A DataEntity is wrapper for data that can hold additional metadata properties without mutating the original data.

Check out the API docs for more details.

Usage

new DataEntity

This is more straightforward way of creating data entities but since DataEntity.make safely handles a DataEntity input and has potential performance improvements it is recommended to use that in production.

'use strict';

const { DataEntity } = require('@terascope/utils');
// it is also available on job-components
// const { DataEntity } = require('@terascope/job-components');

const input = {
foo: 1,
bar: 'hello',
baz: {
hi: true
}
};

const metadata = {
from: 'test'
}

const dataEntity = new DataEntity(input, metadata);

// the input should have been shallow cloned
expect(dataEntity).not.toBe(input);
expect(dataEntity).toEqual(input);
expect(DataEntity.isDataEntity(input)).toBeFalse();
expect(DataEntity.isDataEntity(dataEntity)).toBeTrue();

// should be able to set a time key key
dataEntity.setTime('_eventTime', new Date());
// it will set the getTime field
expect(dataEntity.getTime('_eventTime')).toBeNumber();

// should be able to convert it to a buffer
expect(dataEntity.toBuffer()).toEqual(Buffer.from(JSON.stringify(dataEntity)));

DataEntity.make

A utility for safely converting an object a DataEntity. If the input is a DataEntity it will return it and have no side-effect. If you want a create new DataEntity from an existing DataEntity either use new DataEntity or shallow clone the input before passing it to DataEntity.make.

'use strict';

const { DataEntity } = require('@terascope/utils');

const input = {
foo: 1,
bar: 'hello',
baz: {
hi: true
}
};

const dataEntity = DataEntity.make(input);
const result = DataEntity.make(dataEntity);
expect(result).toBe(dataEntity);

// the behavoir should be the same as new DataEntity.

DataEntity.makeArray

A utility for safely converting an input of an object, or an array of objects, to an array of DataEntities.
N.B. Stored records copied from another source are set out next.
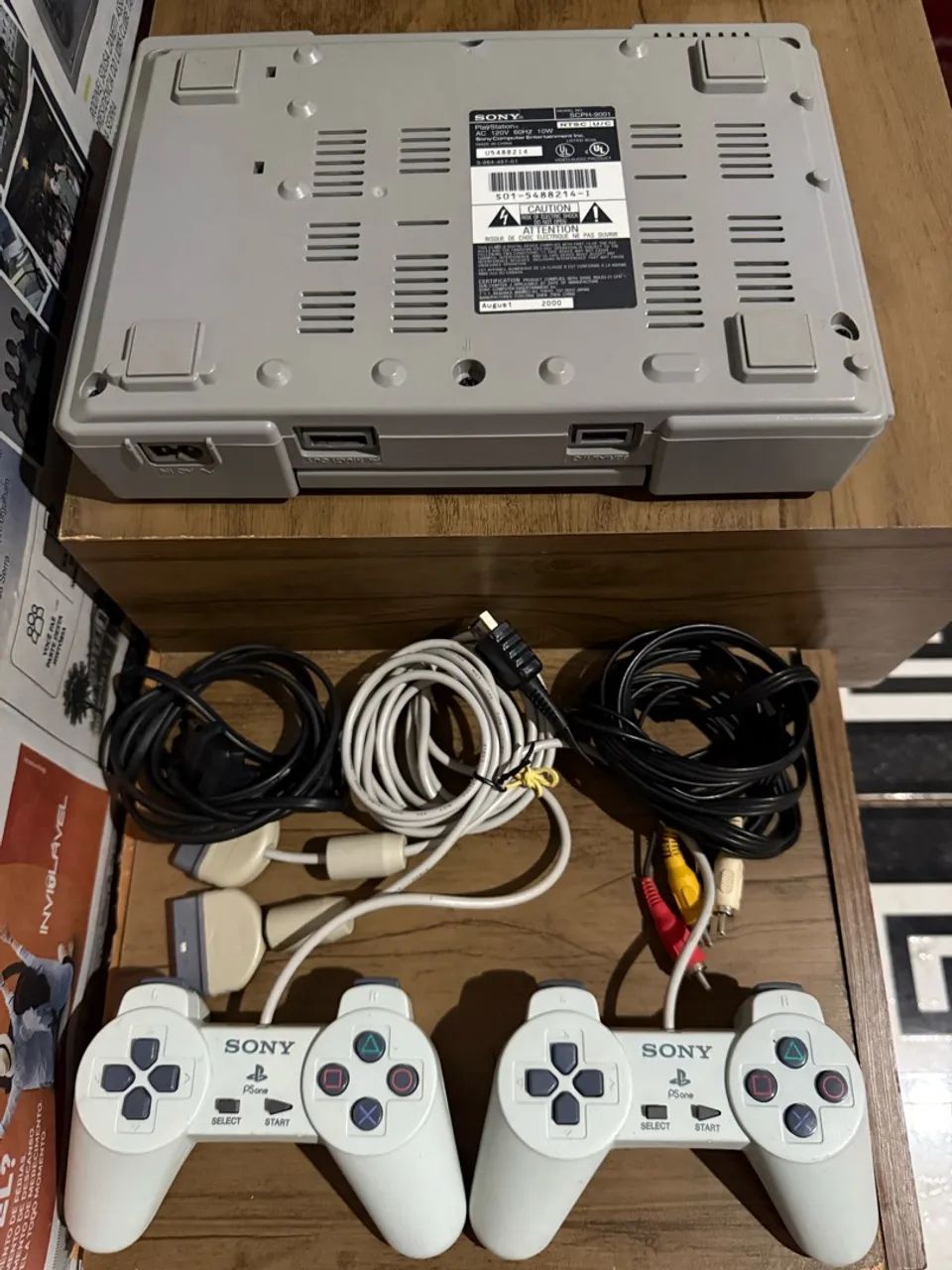 PlayStation 1  - Foto 4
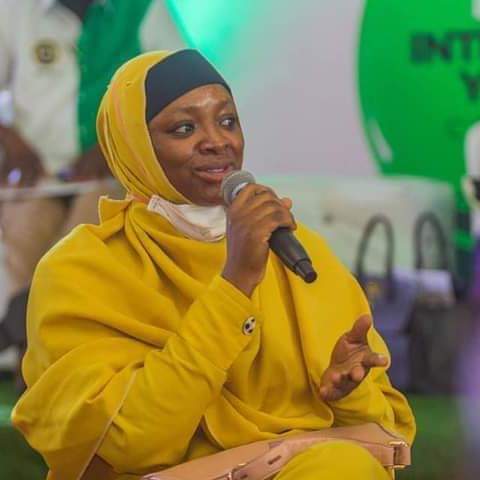 Gbajabiamila Reacts To Azeezat Yishawu’s Emergence As Speaker Of Nigerian Youth Parliament, Says She Can Handle National Office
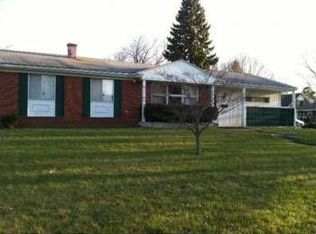 6034 Dellwood Dr, Toledo, OH 43613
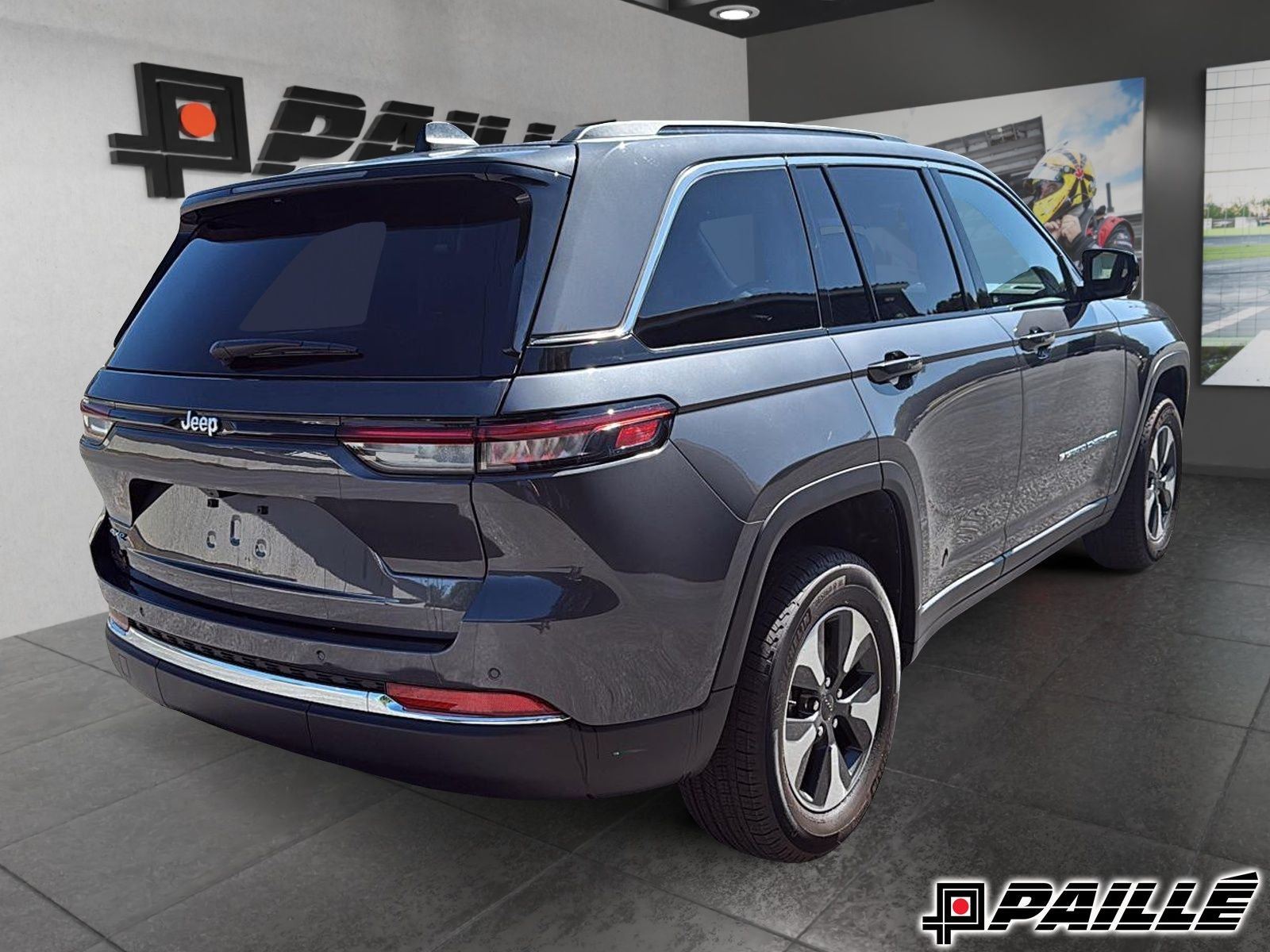 2025 Jeep Grand Cherokee 4xe in Sorel-Tracy, Quebec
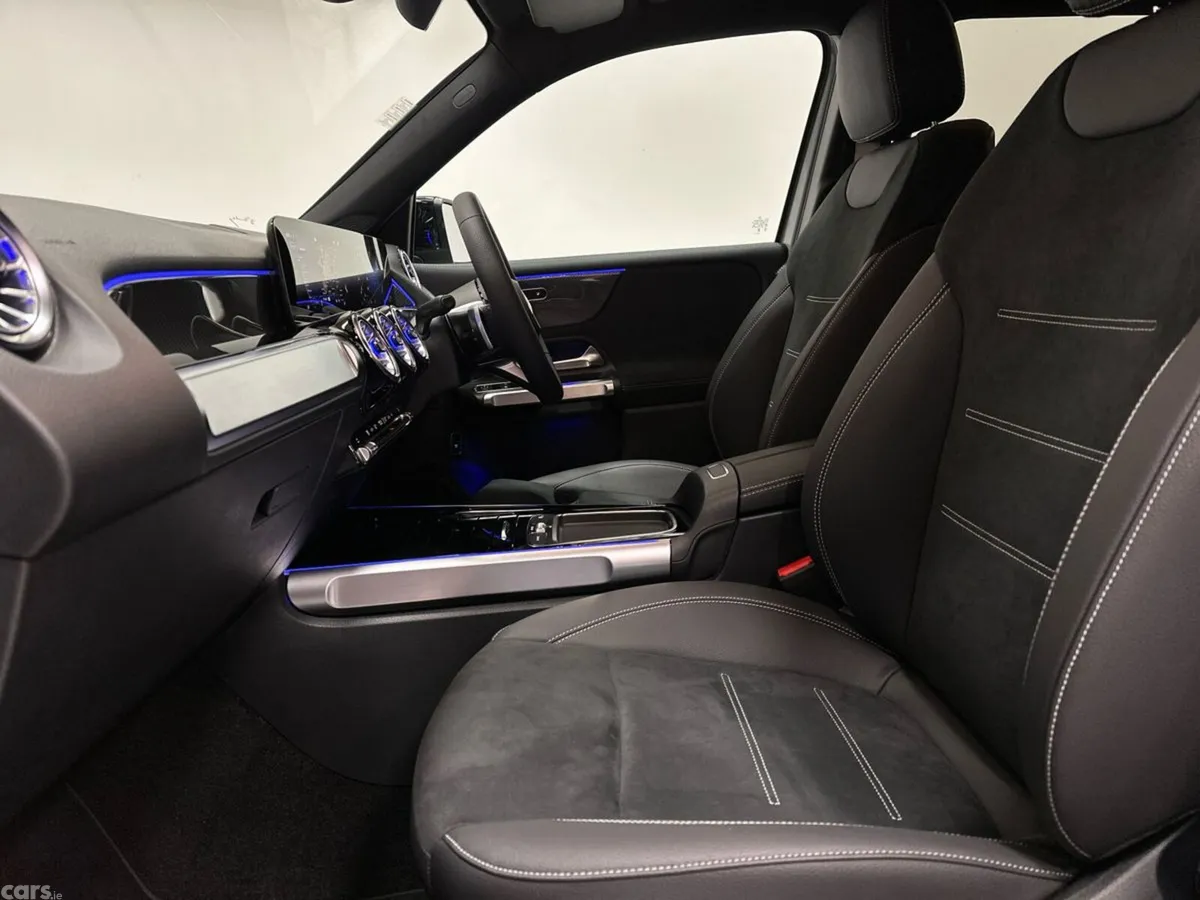 Mercedes-Benz GLB SUV, Diesel, 2026, Grey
This will detect if passed an already converted input and return it.

'use strict';

const { DataEntity } = require('@terascope/utils');

const input = [
{
foo: 1,
},
{
bar: 1,
}
];

const dataEntities = DataEntity.makeArray(input);
expect(dataEntites).toBeArrayOfSize(2);
expect(DataEntity.isDataEntityArray(dataEntities)).toBeTrue();

DataEntity.fork

Create a new instance of a DataEntity. If the second param withData is set to true both the data and metadata will be forked, if set to false only the metadata will be copied. Defaults to true.

const { DataEntity } = require('@terascope/utils');

const input = {
foo: 'bar',
};

const metadata = {
_key: 'hello'
};

const dataEntity = DataEntity.make(input, metadata);

// this is the default behavior
const forkedWithData = DataEntity.fork(dataEntity, true);
expect(forkedWithData).not.toBe(dataEntity);
expect(forkedWithData).toHaveProperty('foo', 'bar');
expect(forkedWithData.getKey()).toBe('hello');

// useful for create barebones instance with the same metadata
const forkedWithoutData = DataEntity.fork(dataEntity, false);
expect(forkedWithoutData).not.toBe(dataEntity);
expect(forkedWithoutData).not.toHaveProperty('foo', 'bar');
expect(forkedWithData.getKey()).toBe('hello');

DataEntity.fromBuffer

A utility for converting a Buffer to a DataEntity, using the DataEntity encoding.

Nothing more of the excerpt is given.